Target Kloof was as she had described it, a sweeping downward S bend ending in a little bridge over a valley, the road dividing two lush halves of suburban jungle. I drove at a crawl. A troop of monkeys watched me from the tops of the trees, a large male scratching his balls as the van passed. I waved at them.
Once through Target Kloof I took the right where Babalwa suggested, although at this stage I was already where I needed to be: fences, signature gates, walls, swimming pools, satellite dishes. I cruised, looking for easy targets.

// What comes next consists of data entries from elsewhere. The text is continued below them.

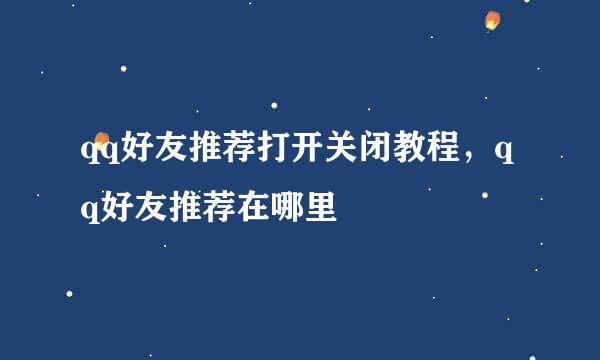 qq好友推荐打开关闭教程，qq好友推荐在哪里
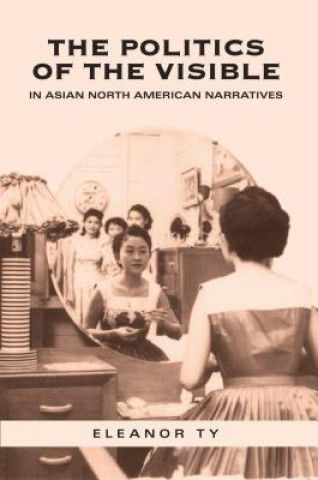 Knjiga Politics of the Visible in Asian North American Narratives Eleanor Ty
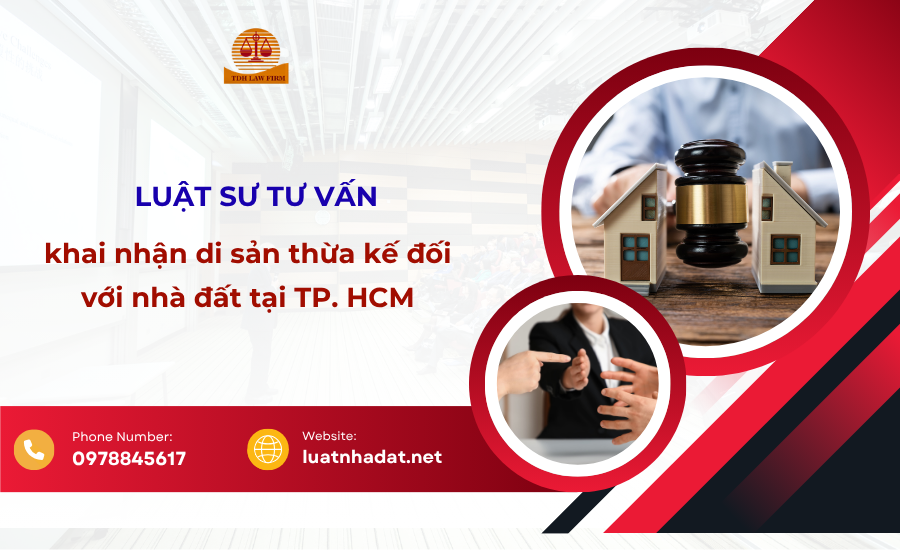 Luật sư tư vấn khai nhận di sản thừa kế đối với nhà đất tại TP HCM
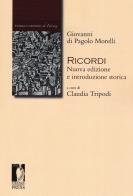 Ricordi. Nuova edizione e introduzione storica. Nuova ediz. di Giovanni di Pagolo Morelli edito da Firenze University Press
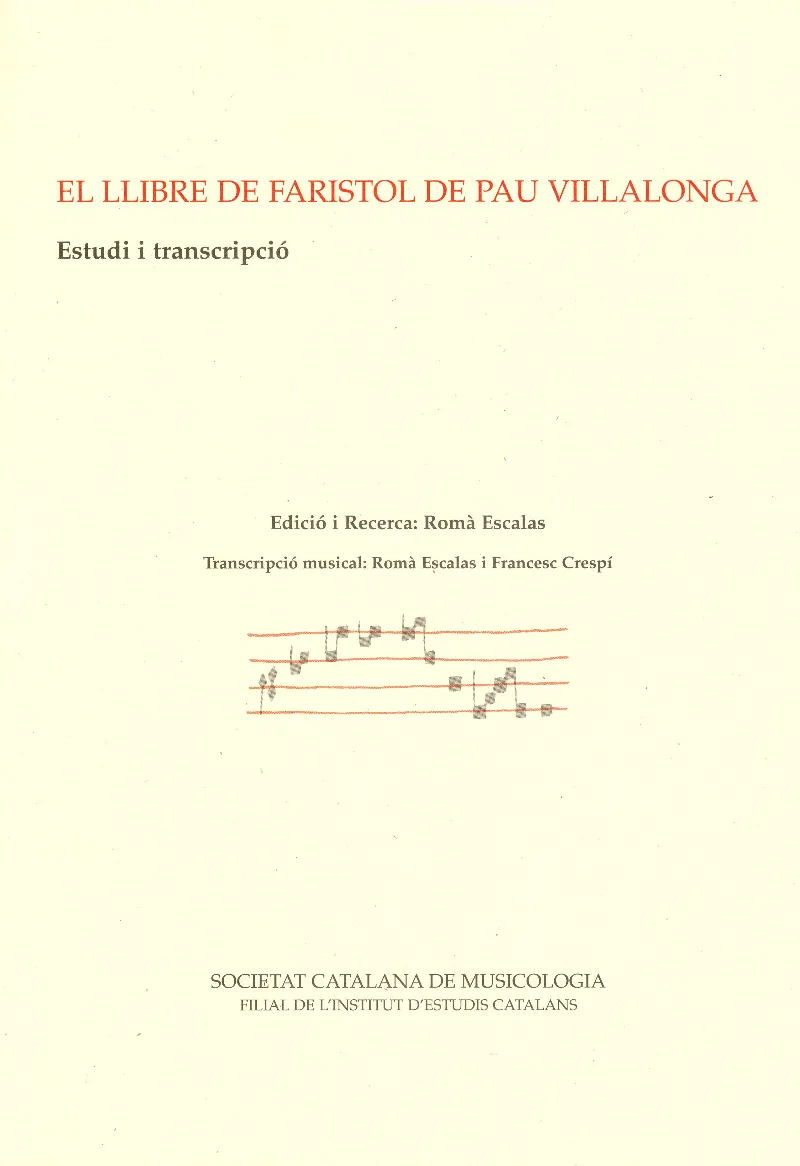 El Llibre de faristol de Pau Villalonga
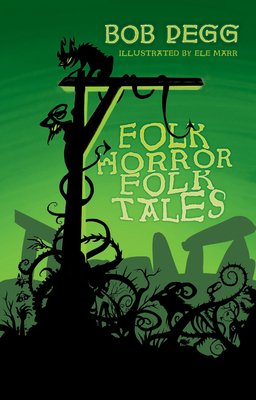 Folk Horror Folk Tales 1837050953 Book Cover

Eventually I settled on River Road, a strip of double- and triple-storey houses facing onto a golf course, a few of them gabled, a few done out in mock-modest homey style and a few completely walled off. I smashed the van through a relatively humble black-and-white gated entrance, and then straight through the wall of a family entertainment area. A flat-screen TV – a relic or family keepsake of some sort – fell forward from its cabinet and shattered on the van’s bonnet.
I kicked through the thin, locked inter-leading door with my good ankle and headed into the main house. This, the bills on the entrance hall table said, was the residence of the Cotton family. Mr Ken Cotton. His wife, Barbara.

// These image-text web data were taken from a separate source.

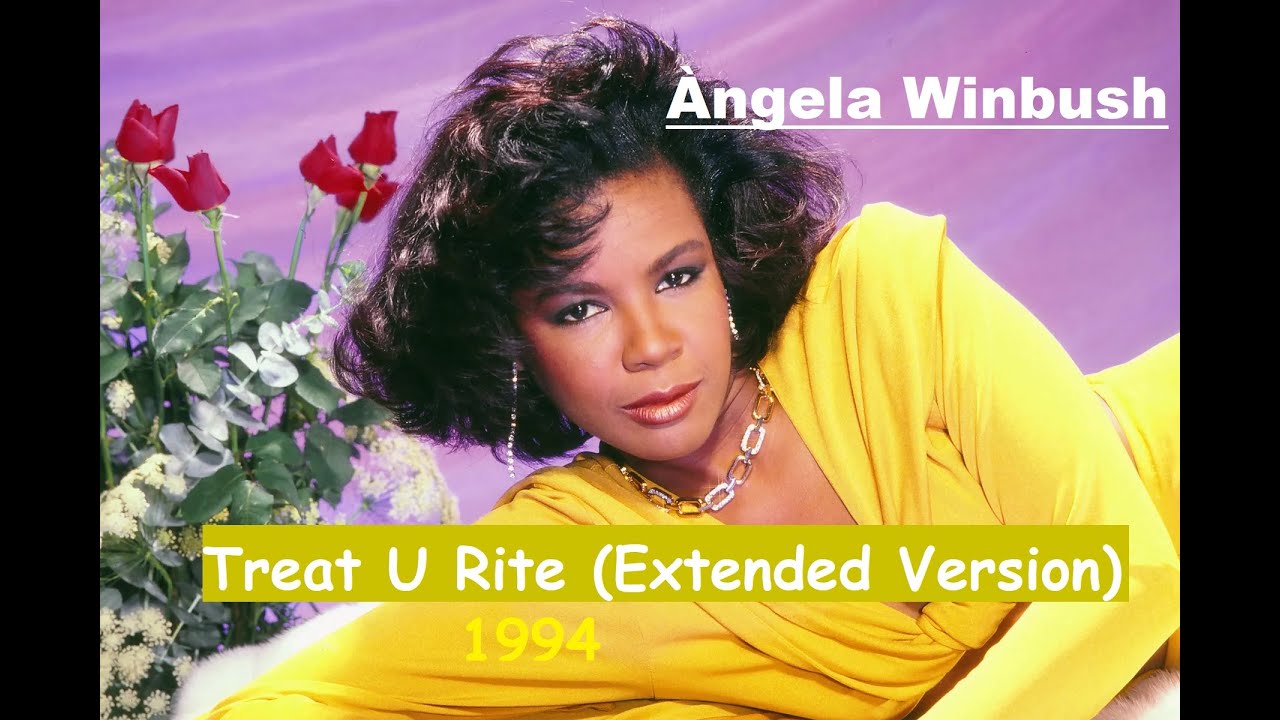 U Rite Àngela Winbush – Treat U Rite (Extended Version)(1994) - YouTube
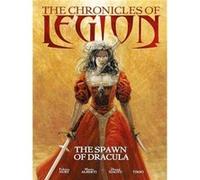 The The Chronicles of Legion Vol. 2 The Spawn of Dracula by Fabien Nury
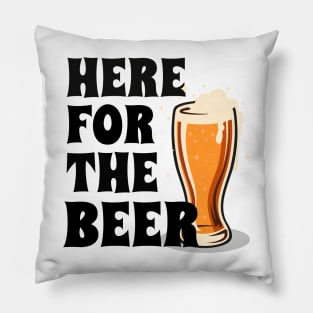 HERE For The Beer Pillow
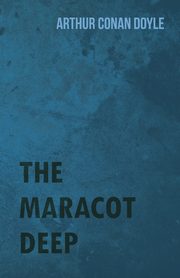 The Maracot Deep, Doyle Arthur Conan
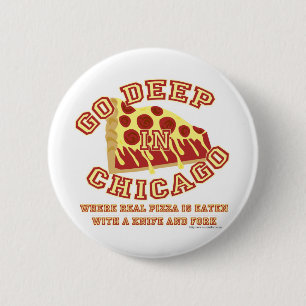 Chicago Style Pizza 6 Cm Round Badge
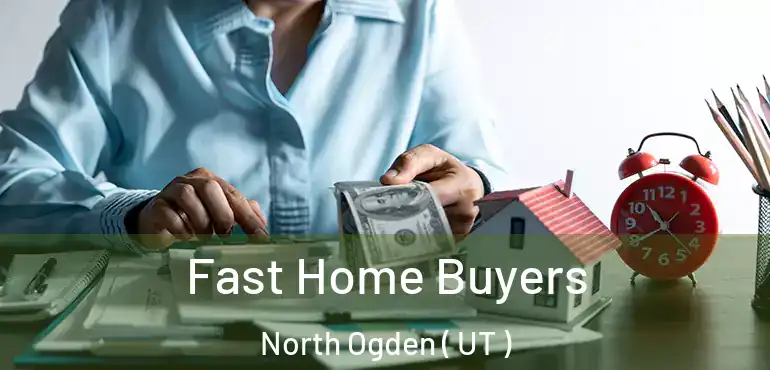  Fast Home Buyers North Ogden ( UT )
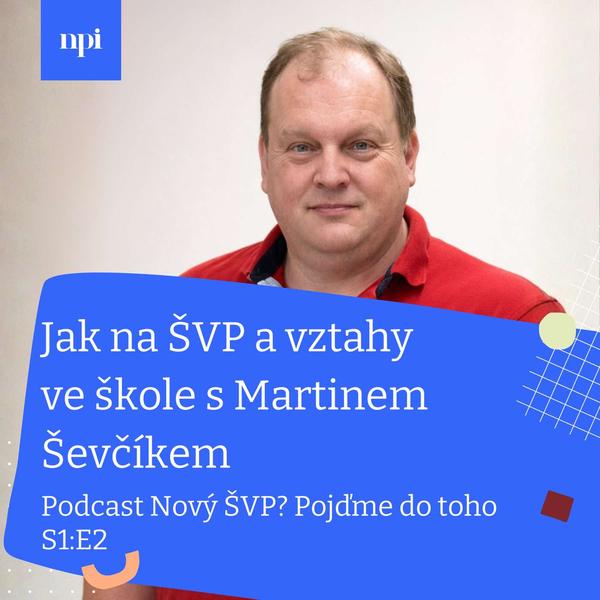 Nový ŠVP? Pojďme do toho - podcast NPI ČR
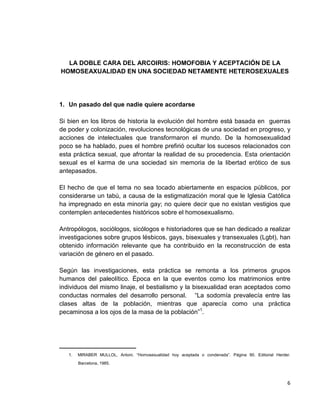 6
LA DOBLE CARA DEL ARCOIRIS: HOMOFOBIA Y ACEPTACIÓN DE LA
HOMOSEAXUALIDAD EN UNA SOCIEDAD NETAMENTE HETEROSEXUALES
1. Un pasado del que nadie quiere acordarse
Si bien en los libros de historia la evolución del hombre está basada en guerras
de poder y colonización, revoluciones tecnológicas de una sociedad en progreso, y
acciones de intelectuales que transformaron el mundo. De la homosexualidad
poco se ha hablado, pues el hombre prefirió ocultar los sucesos relacionados con
esta práctica sexual, que afrontar la realidad de su procedencia. Esta orientación
sexual es el karma de una sociedad sin memoria de la libertad erótico de sus
antepasados.
El hecho de que el tema no sea tocado abiertamente en espacios públicos, por
considerarse un tabú, a causa de la estigmatización moral que le Iglesia Católica
ha impregnado en esta minoría gay; no quiere decir que no existan vestigios que
contemplen antecedentes históricos sobre el homosexualismo.
Antropólogos, sociólogos, sicólogos e historiadores que se han dedicado a realizar
investigaciones sobre grupos lésbicos, gays, bisexuales y transexuales (Lgbt), han
obtenido información relevante que ha contribuido en la reconstrucción de esta
variación de género en el pasado.
Según las investigaciones, esta práctica se remonta a los primeros grupos
humanos del paleolítico. Época en la que eventos como los matrimonios entre
individuos del mismo linaje, el bestialismo y la bisexualidad eran aceptados como
conductas normales del desarrollo personal. “La sodomía prevalecía entre las
clases altas de la población, mientras que aparecía como una práctica
pecaminosa a los ojos de la masa de la población”1
.
______________________
1. MIRABER MULLOL, Antoni. “Homosexualidad hoy aceptada o condenada”. Página 90. Editorial Herder.
Barcelona, 1985.
 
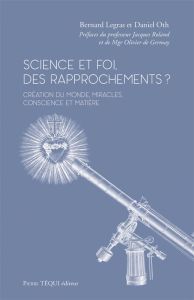 Science et foi, des rapprochements ? Création du monde, miracles, conscience et matière - Legras Bernard - Oth Daniel - Roland Jacques - Ger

Hallway family photos. Their two girls, bright teenagers, arms around parents, themselves content in plastic pool furniture. The girls playing tennis in all-white, alluring outfits. The wider Cotton family on Christmas Day, lined up in two rows, arms linking, each combination telling its own story.

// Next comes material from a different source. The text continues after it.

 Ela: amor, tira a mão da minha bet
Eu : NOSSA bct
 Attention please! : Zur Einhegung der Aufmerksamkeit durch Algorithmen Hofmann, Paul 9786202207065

I pissed over the photo collection and the bills, soaking the Cottons as thoroughly as possible. Then I walked, dick out, as far as I could into the lounge proper, hosing the off-white lounge suite and the expensive wooden coffee table. It was a relief to be able to slip back into my habit. I zipped and thought of Babalwa’s request that I secure clothing, and then of her wrinkled nose at my stench. Too lazy to go back to the van, I searched the Cotton house looking for soap, finding a spicy underwear collection in one of the girl’s bedrooms instead. Pink G-strings. A studded bra with fake gems on the rim. Suspenders. I stopped awhile on her bed, running my hands through the teenage fabric, my erection throbbing half-heartedly at the loss.
The wall above the bed was covered in photos stuck onto the wall with Prestik, the montage carefully constructed to portray the life of a young PE debutante and her beau, who looked, in almost every respect, like a fool. He posed in each shot – sometimes pulling muscles overtly, or simply beaming far too intensely into the camera. Throwing a rugby ball to his mates. Running. Jumping. Pointing. He was on the ugly side and wouldn’t have aged well at all; but in the pictures the ugliness was light, a hint beneath the dominant, metallic veneer of youth.
I spat at him first, then at her, both lugs finding their mark on the wall and slowly dribbling down over their young faces.
In her cupboard I found a bar of Reece-Marie herbal soap (coarse rosemary, sage, lemon grass, teatree oil, aqueous cream and glycerine). The packaging promised it would lather exceptionally well.
I turned into Ken and Barbara’s bedroom, a typically dull set-up attempting to mimic magazine style. Creams and off-whites, wooden-framed pictures of Cotton life through the ages. Young Ken making his way in the world with a fishing rod and a smile – about twenty years old. Young Barbara gazing with measured effort to the horizon from what looked very much like the same beach Babalwa and I had visited. Ken and Barbara must have been, I guessed, around my age: the grain on the photos matched the scant remains of my own past.
I found a fluffy off-white bathroom towel in the en-suite bathroom and, even better, a key to the door leading out to the pool.
The back garden was ominous. Vast lawns tracked away from the pool, down a series of mini rolling hills, but they were out of control, the grass wild and angry. Shrubs and bushes created a barrier between the kitchen and the pool which, back in the day, would surely have been cut back weekly. But as I stood there the Cotton family entertainment zone hummed with decay, reinforced by the green skin on the pool and a layer of aqua-bugs and insects dancing on the corpses of drowned colleagues.